Identitas tiga jenazah itu adalah Robertus Beremau (48), warga Desa Umaklaran, Kecamatan Tasifeto Timur, Kabupaten Belu; Suria Thalib (34), warga Desa Bheramari, Kecamatan Nangapanda, Kabupaten Ende; dan Agustinus Bria Klau (51), warga Desa Biris, Kecamatan Wewiku, Kabupaten Malaka.
Koordinator Pendampingan Advokasi untuk Keadilan dan Perdamaian (Padma) Indonesia, Gabriel Goa, mengatakan, jenazah Robertus Beremau tiba di Bandara El Tari dengan maskapai Citilink pada Sabtu pukul 06.00 Wita. Sementara itu, dua jenazah lain tiba dengan pesawat Garuda Indonesia pukul 12.45 Wita.

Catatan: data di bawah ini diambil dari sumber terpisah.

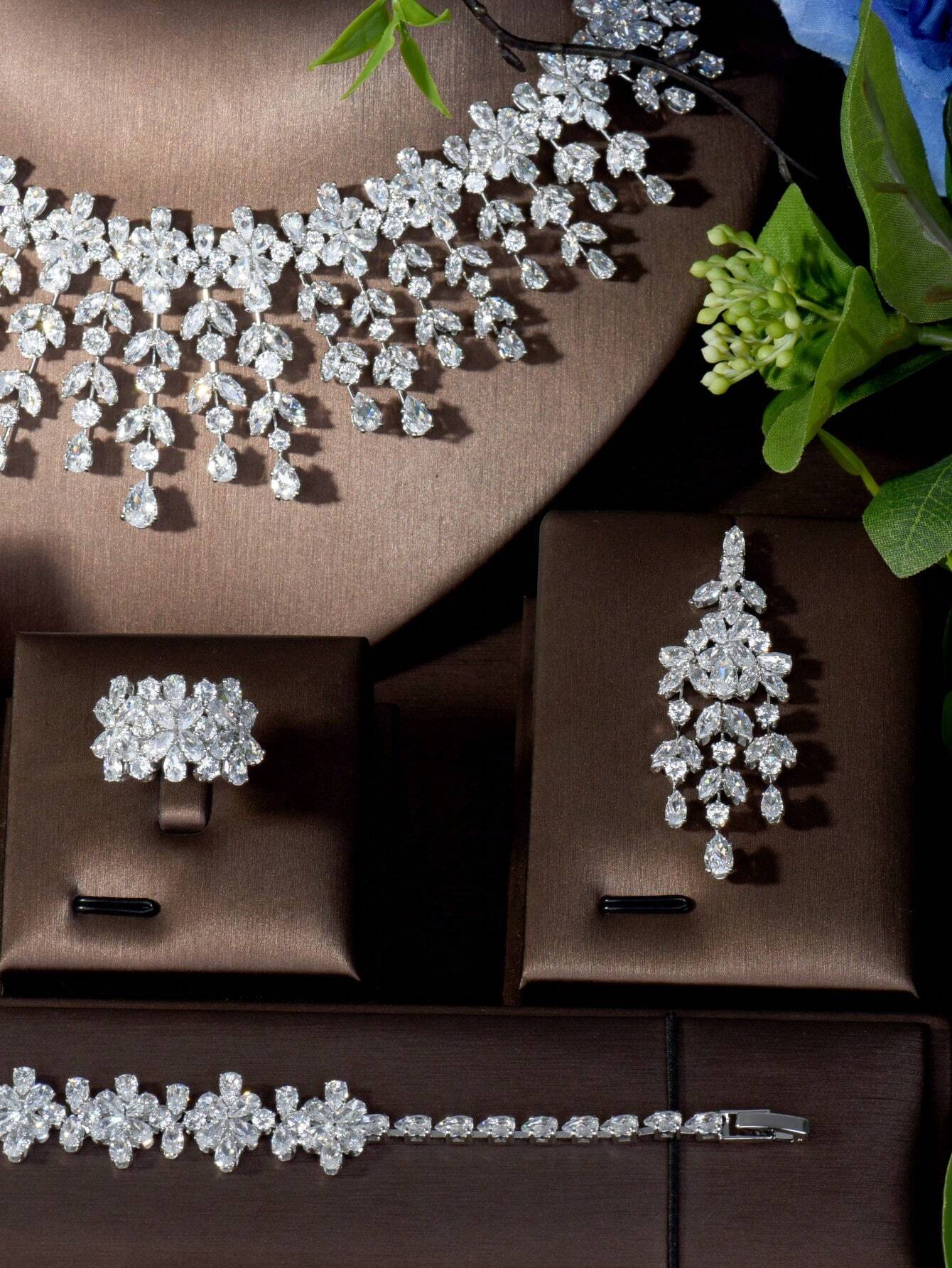 Cascading Crystal Statement Bridal Set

Dengan kedatangan tiga jenazah tersebut, Gabriel menyebut, jumlah pekerja migran ilegal asal NTT yang meninggal di luar negeri pada tahun ini telah mencapai 107 orang. Mereka terdiri dari 76 laki-laki dan 31 perempuan.
”Korban terbanyak dari Kabupaten Malaka sebanyak 22 orang. Menyusul dari Ende sebanyak 16 orang, Flores Timur ada 12 orang, dan Kabupaten Timor Tengah Selatan sebanyak 10 orang,” kata Gabriel di Kupang, Sabtu (16/9/2023).
Gabriel menuturkan, pada tahun ini, rata-rata ada 11 pekerja migran illegal asal NTT yang meninggal di luar negeri setiap bulan. Sebagian besar dari mereka meninggal karena sakit. Para pekerja migran pria biasanya bekerja di sejumlah perkebunan besar, seperti kelapa sawit, cokelat, durian, cengkeh, dan tanaman hortikultura.
Mereka bekerja di hutan yang jauh dari kota agar tidak terpantau aparat kepolisian dan imigrasi. Saat bekerja, mereka tidak memperhatikan kondisi kesehatan dan tidak beristirahat secara cukup.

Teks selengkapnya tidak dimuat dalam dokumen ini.